A MIDI file, at its simplest, is just a sequence of notes/chords, durations and volumes. I simply ignored the volumes and durations, and treated it as a sequence of chords (a chord is a combination of notes). The word2vec algorithm was then applied to this, placing each chord into a high dimentional (80 dimensions) vector space, based on what sorts of chords tend to be its close neighbors (within a 3 length window). This high dimentional embedding space is known to be well behaved, and notions of distance and relative position are quite robust. However, it is hard to visualize. So I used TSNE to put it onto a low dimentional space, so that you can understand which vectors are closer to one another.

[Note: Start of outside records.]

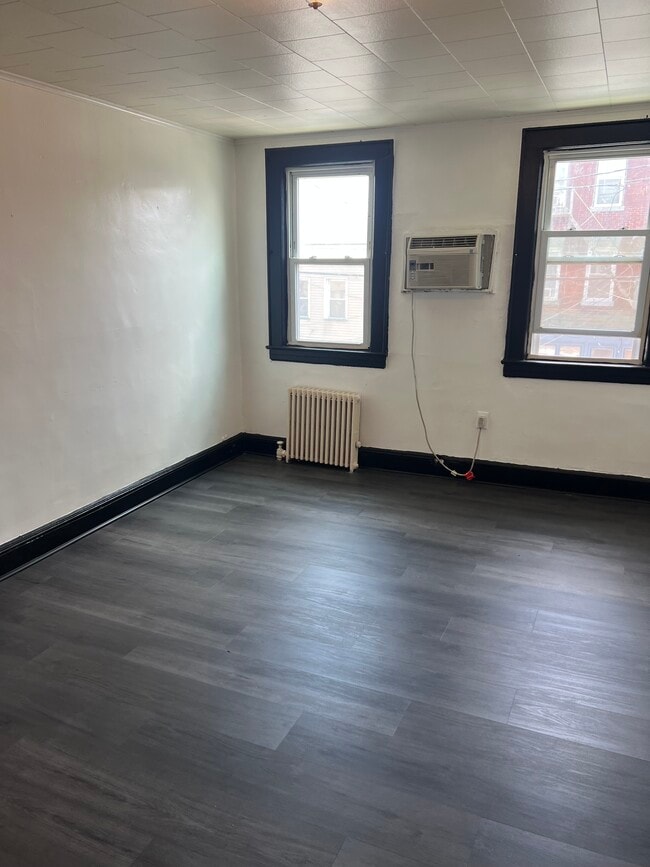 Building Photo - 43 Belmont Ave
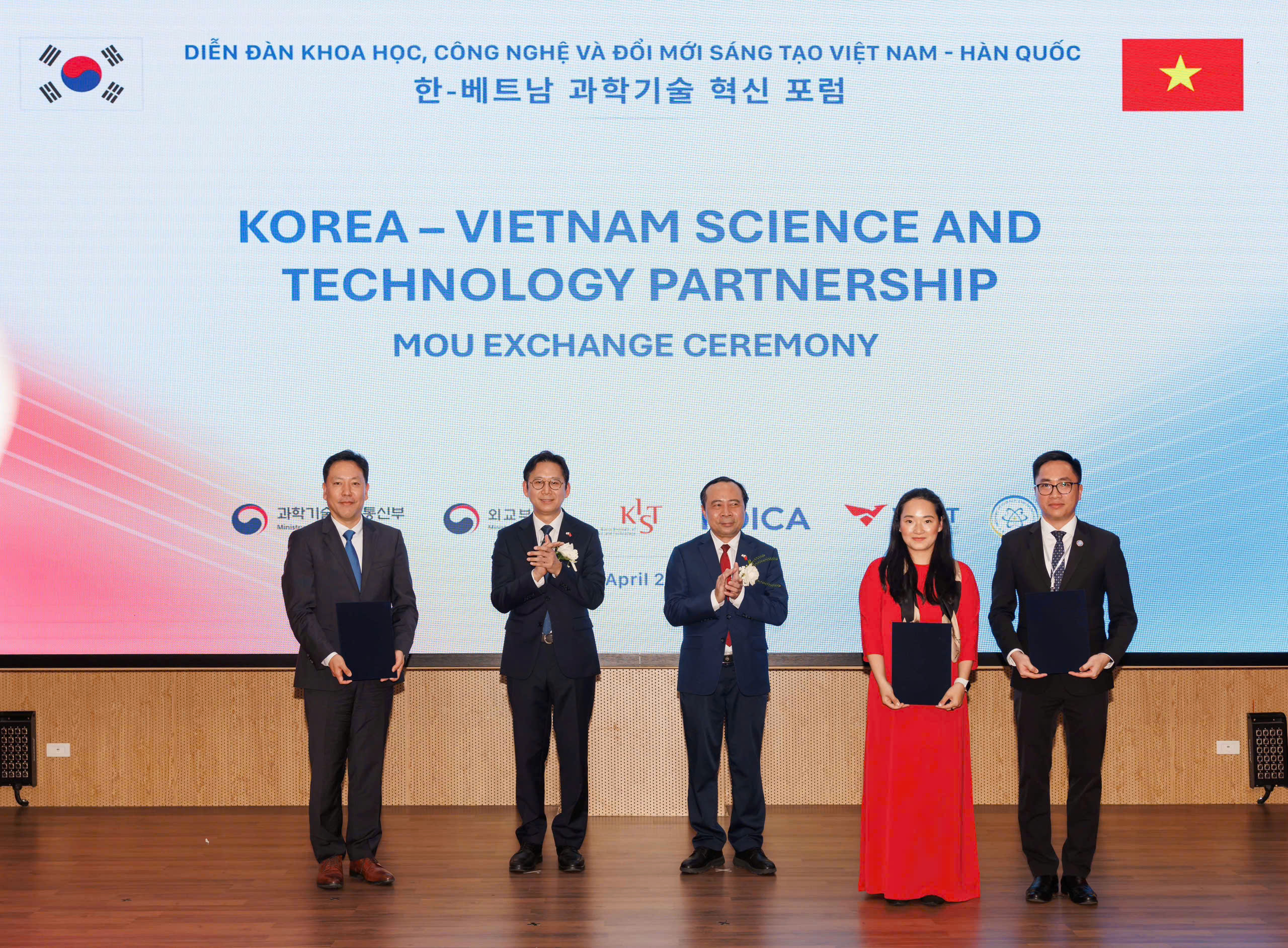 Đại học Quang Trung đẩy mạnh hợp tác quốc tế: Bước tiến chiến lược trong lĩnh vực công nghệ lượng tử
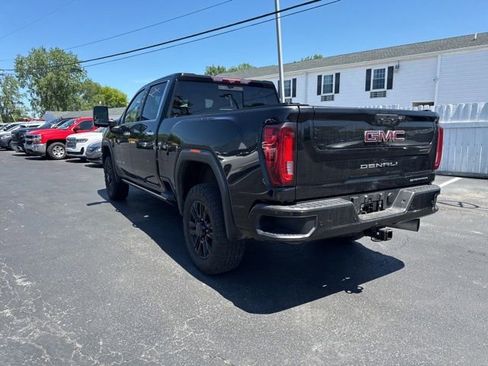 Certified 2022 GMC Sierra 3500 Denali w/ Denali Black Diamond Edition AWD/4WD image 9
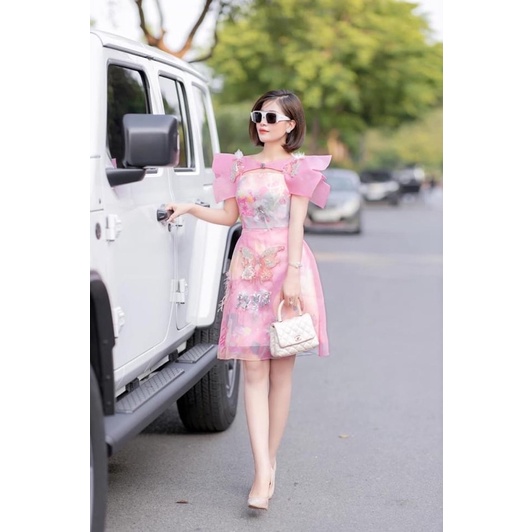 Váy tơ cao cấp đính kết hạt xuất sắc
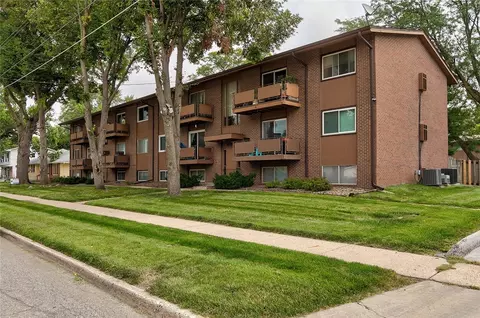 4211 65th St #6, Urbandale, IA 50322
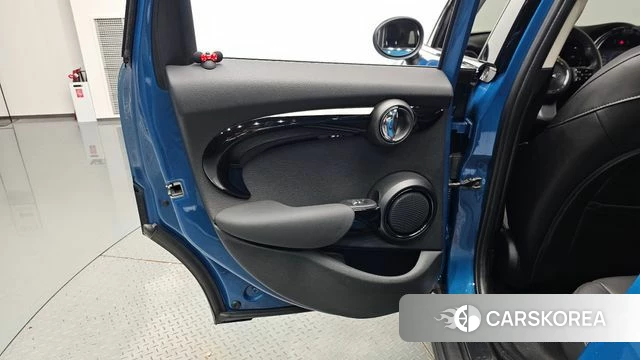 Mini Cooper id 4764131 из Кореи 17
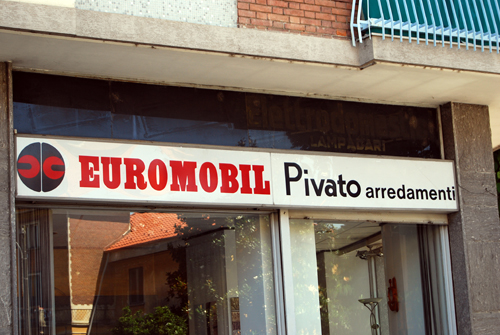 Enzo In Italia - Elettrodomestici e Lampadari - © Vincenzo Aiosa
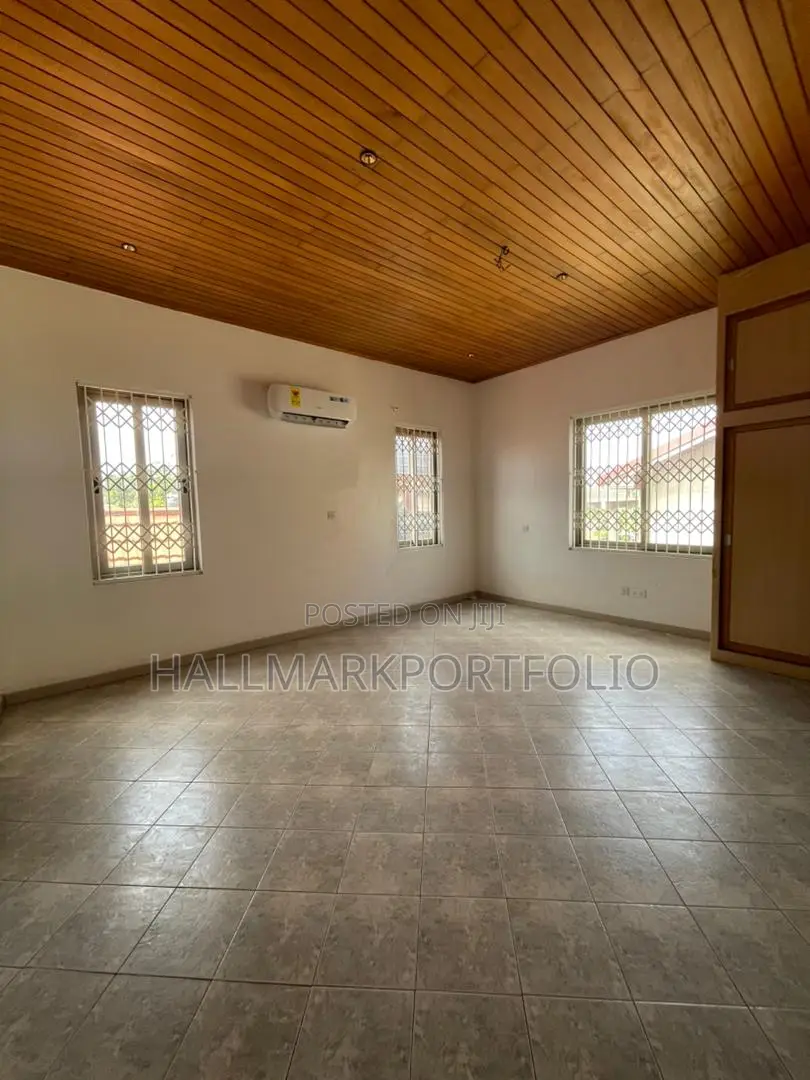 6bdrm House in East Legon for rent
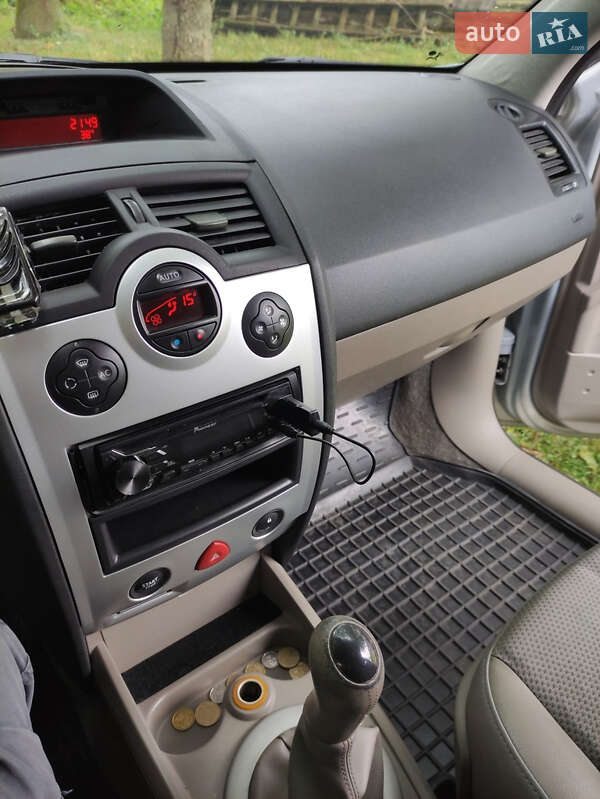 Хэтчбек Renault Megane 2003 в Теофиполе фото 22 Хэтчбек Renault Megane 2003 в Теофиполе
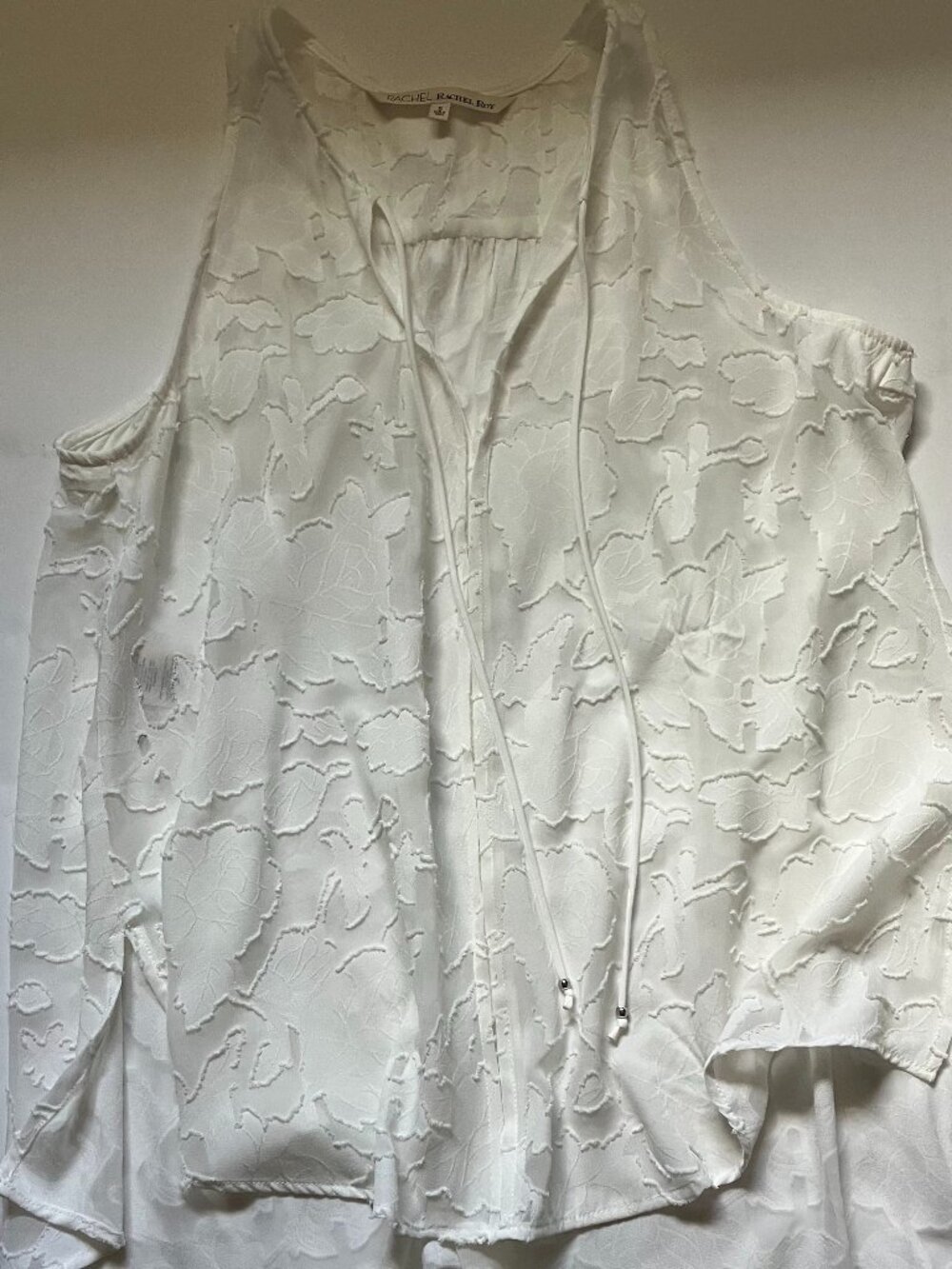 WOMEN'S WHITE SLEEVELESS TOP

Similarly, doc2vec embeds the whole MIDI file based on the overall distribution of its chords relative to other files.
Once the machine learning algorithm embedded the chords and files and placed them onto their respective surfaces, I had it output some data files that the frontend could read. I allowed users to click on this frontend to play the song or chord to see if they agree that neighboring points are similar. I also allowed them to see if relationships between the chords made sense. Below is the deployed visualization, trained on and displaying the free midiworld dataset.
Full code for the project here
After this visualization, I was disturbed by the low quality of the document associations (though some of the chord similarities are interesting). I blamed throwing out the durations and volumes, and I could not figure out a better way to preprocess the MIDI file, other than just to have it generate the actual audio. So I started insisting that only true raw audio, not MIDI files, should be processed in order for this analysis to be sufficiently general. That insistence led to one of my most successful projects ever, the sound-eval project (project post here). I was even able to reuse a lot of my visualization code there, and improve upon it.